Excerpts from a dataset:
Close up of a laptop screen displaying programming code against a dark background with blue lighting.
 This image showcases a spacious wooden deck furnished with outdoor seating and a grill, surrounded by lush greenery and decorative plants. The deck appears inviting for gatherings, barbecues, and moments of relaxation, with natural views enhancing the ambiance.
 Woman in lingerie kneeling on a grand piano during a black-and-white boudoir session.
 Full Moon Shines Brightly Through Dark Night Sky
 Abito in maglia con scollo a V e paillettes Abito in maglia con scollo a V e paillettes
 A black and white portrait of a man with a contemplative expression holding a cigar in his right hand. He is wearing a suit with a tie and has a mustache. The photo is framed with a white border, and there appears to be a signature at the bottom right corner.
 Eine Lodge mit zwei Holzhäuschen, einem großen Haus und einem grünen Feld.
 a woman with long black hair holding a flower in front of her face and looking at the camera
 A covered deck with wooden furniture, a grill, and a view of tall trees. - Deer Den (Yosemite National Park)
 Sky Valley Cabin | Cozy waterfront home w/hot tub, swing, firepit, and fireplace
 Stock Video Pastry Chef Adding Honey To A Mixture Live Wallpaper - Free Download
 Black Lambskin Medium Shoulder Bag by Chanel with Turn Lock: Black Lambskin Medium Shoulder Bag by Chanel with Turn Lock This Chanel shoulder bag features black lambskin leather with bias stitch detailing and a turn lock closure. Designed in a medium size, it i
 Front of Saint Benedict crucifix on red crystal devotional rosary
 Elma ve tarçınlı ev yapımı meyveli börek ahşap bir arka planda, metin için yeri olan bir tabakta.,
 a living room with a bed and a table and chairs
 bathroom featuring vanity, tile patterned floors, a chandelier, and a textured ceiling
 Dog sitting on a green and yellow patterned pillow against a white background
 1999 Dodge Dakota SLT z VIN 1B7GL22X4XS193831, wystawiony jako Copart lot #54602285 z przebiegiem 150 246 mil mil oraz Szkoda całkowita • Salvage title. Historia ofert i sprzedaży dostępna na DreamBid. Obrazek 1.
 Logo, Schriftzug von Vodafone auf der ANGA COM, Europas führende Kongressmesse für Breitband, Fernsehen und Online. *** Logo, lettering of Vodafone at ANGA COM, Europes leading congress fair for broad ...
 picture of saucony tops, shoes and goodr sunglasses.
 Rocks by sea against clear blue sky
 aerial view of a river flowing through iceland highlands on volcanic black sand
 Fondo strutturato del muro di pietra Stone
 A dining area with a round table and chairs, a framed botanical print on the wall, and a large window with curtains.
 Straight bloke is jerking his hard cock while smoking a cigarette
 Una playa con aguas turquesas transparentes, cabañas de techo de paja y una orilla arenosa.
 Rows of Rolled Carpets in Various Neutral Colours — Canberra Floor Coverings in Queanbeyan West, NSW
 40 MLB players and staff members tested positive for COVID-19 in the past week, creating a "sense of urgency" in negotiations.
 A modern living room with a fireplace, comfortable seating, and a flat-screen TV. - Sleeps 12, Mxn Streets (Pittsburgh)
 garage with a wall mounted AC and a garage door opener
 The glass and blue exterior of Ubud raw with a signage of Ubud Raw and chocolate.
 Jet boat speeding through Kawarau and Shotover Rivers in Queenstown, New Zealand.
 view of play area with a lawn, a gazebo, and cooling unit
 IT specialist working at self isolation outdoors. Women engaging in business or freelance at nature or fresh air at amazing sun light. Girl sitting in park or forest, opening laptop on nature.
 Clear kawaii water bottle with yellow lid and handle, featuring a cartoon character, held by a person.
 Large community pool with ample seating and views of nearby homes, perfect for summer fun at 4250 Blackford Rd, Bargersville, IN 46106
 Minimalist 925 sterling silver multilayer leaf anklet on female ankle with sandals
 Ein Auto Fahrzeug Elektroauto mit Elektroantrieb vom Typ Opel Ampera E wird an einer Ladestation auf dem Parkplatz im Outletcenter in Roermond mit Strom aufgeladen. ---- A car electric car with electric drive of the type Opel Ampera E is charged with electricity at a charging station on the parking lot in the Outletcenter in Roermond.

**TASK STATEMENT:** Quote the records above exactly, from the first line through the line containing "bathroom featuring vanity, tile", and nothing more.

**ANSWER BOX:**
Close up of a laptop screen displaying programming code against a dark background with blue lighting.
 This image showcases a spacious wooden deck furnished with outdoor seating and a grill, surrounded by lush greenery and decorative plants. The deck appears inviting for gatherings, barbecues, and moments of relaxation, with natural views enhancing the ambiance.
 Woman in lingerie kneeling on a grand piano during a black-and-white boudoir session.
 Full Moon Shines Brightly Through Dark Night Sky
 Abito in maglia con scollo a V e paillettes Abito in maglia con scollo a V e paillettes
 A black and white portrait of a man with a contemplative expression holding a cigar in his right hand. He is wearing a suit with a tie and has a mustache. The photo is framed with a white border, and there appears to be a signature at the bottom right corner.
 Eine Lodge mit zwei Holzhäuschen, einem großen Haus und einem grünen Feld.
 a woman with long black hair holding a flower in front of her face and looking at the camera
 A covered deck with wooden furniture, a grill, and a view of tall trees. - Deer Den (Yosemite National Park)
 Sky Valley Cabin | Cozy waterfront home w/hot tub, swing, firepit, and fireplace
 Stock Video Pastry Chef Adding Honey To A Mixture Live Wallpaper - Free Download
 Black Lambskin Medium Shoulder Bag by Chanel with Turn Lock: Black Lambskin Medium Shoulder Bag by Chanel with Turn Lock This Chanel shoulder bag features black lambskin leather with bias stitch detailing and a turn lock closure. Designed in a medium size, it i
 Front of Saint Benedict crucifix on red crystal devotional rosary
 Elma ve tarçınlı ev yapımı meyveli börek ahşap bir arka planda, metin için yeri olan bir tabakta.,
 a living room with a bed and a table and chairs
 bathroom featuring vanity, tile patterned floors, a chandelier, and a textured ceiling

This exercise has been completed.